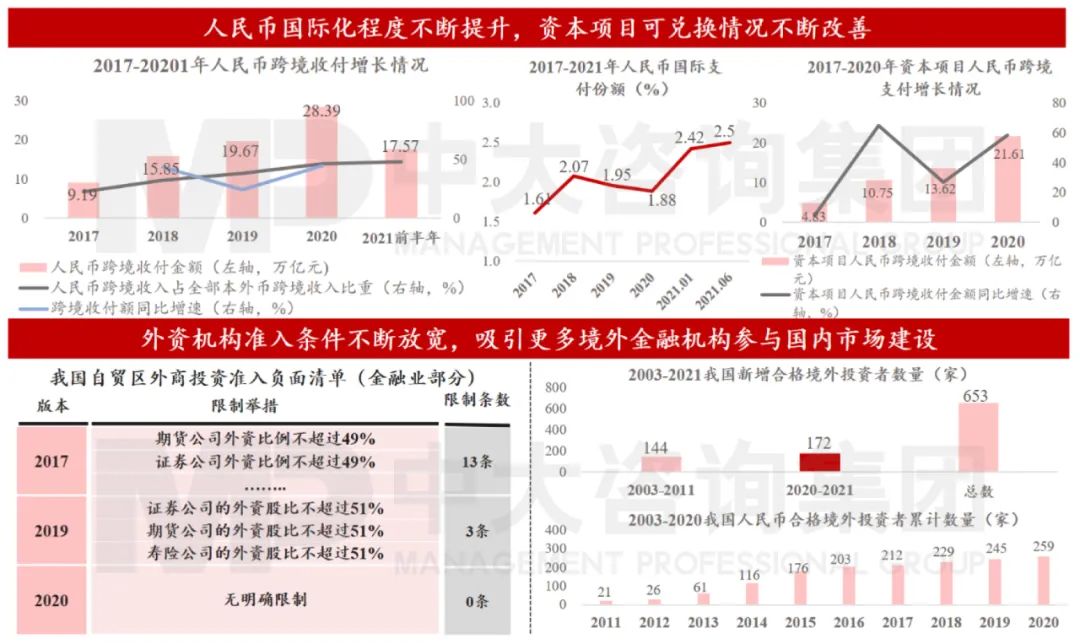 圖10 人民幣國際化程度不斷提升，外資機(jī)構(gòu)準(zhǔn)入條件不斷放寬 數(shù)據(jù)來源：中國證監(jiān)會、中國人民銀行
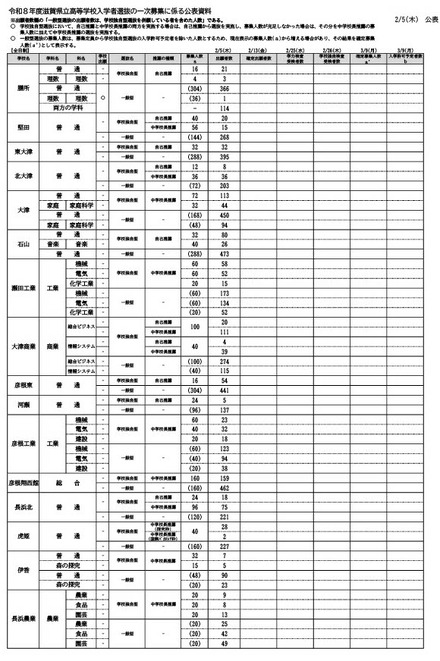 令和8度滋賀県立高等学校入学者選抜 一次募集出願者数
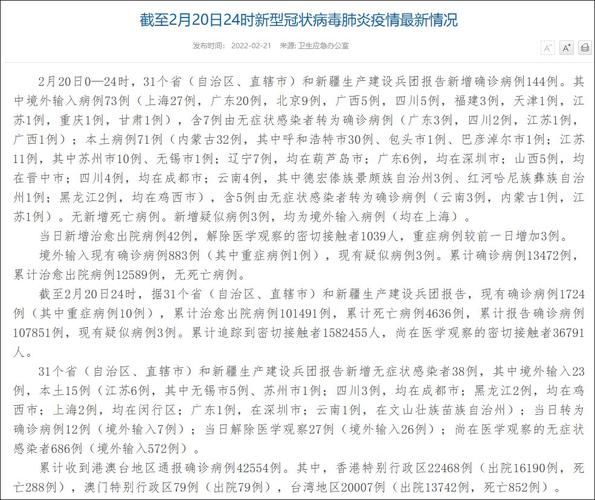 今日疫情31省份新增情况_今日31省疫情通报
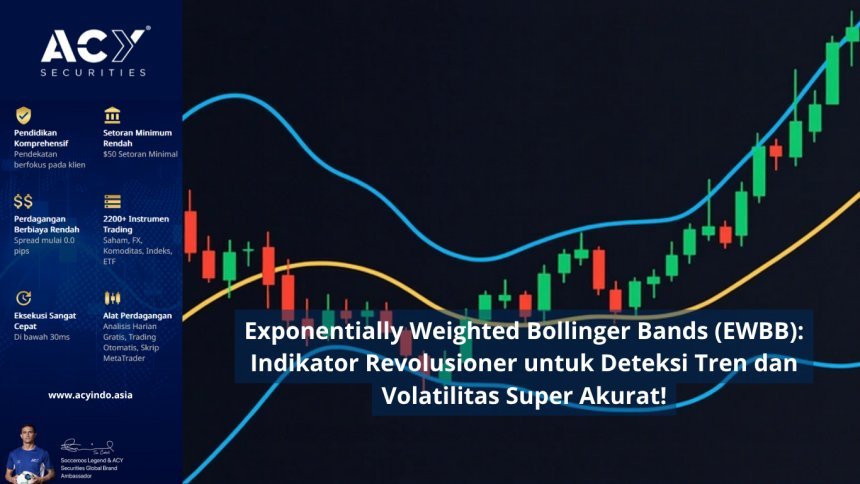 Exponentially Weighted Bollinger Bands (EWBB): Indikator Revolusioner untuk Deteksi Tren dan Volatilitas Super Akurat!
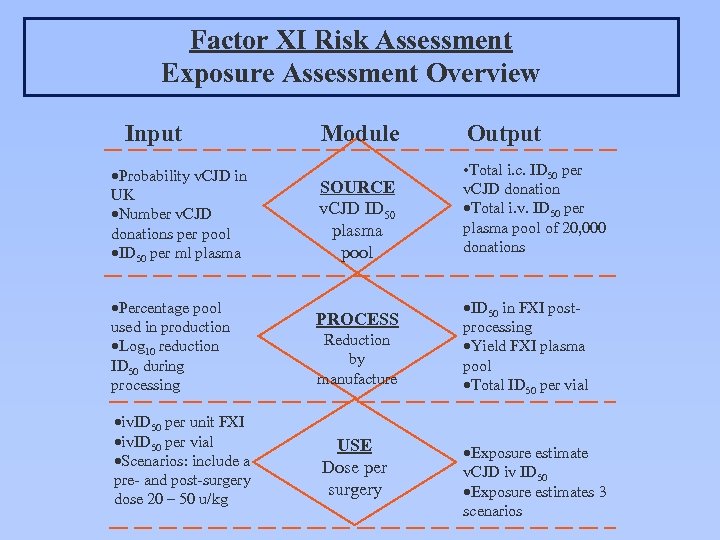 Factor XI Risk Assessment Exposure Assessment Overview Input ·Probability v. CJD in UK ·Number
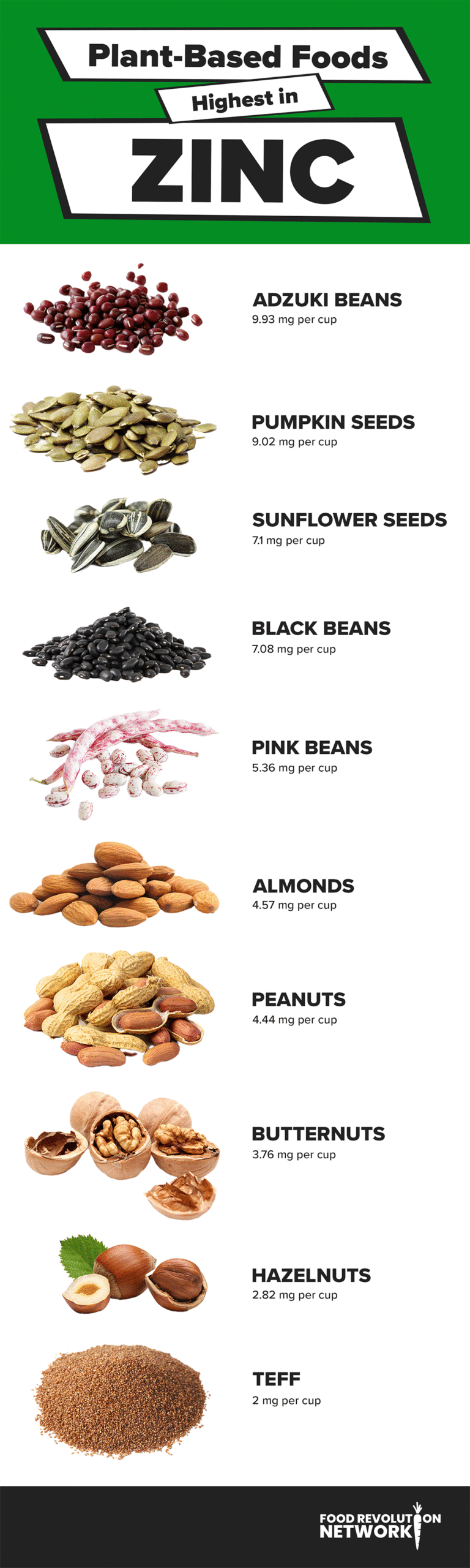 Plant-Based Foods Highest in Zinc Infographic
+--
Assigned task: Please print out the entries above exactly. The pictures stay out.

Solved exercise:
 圖10 人民幣國際化程度不斷提升，外資機(jī)構(gòu)準(zhǔn)入條件不斷放寬 數(shù)據(jù)來源：中國證監(jiān)會、中國人民銀行
 令和8度滋賀県立高等学校入学者選抜 一次募集出願者数
 今日疫情31省份新增情况_今日31省疫情通报
 Exponentially Weighted Bollinger Bands (EWBB): Indikator Revolusioner untuk Deteksi Tren dan Volatilitas Super Akurat!
 Factor XI Risk Assessment Exposure Assessment Overview Input ·Probability v. CJD in UK ·Number
 Plant-Based Foods Highest in Zinc Infographic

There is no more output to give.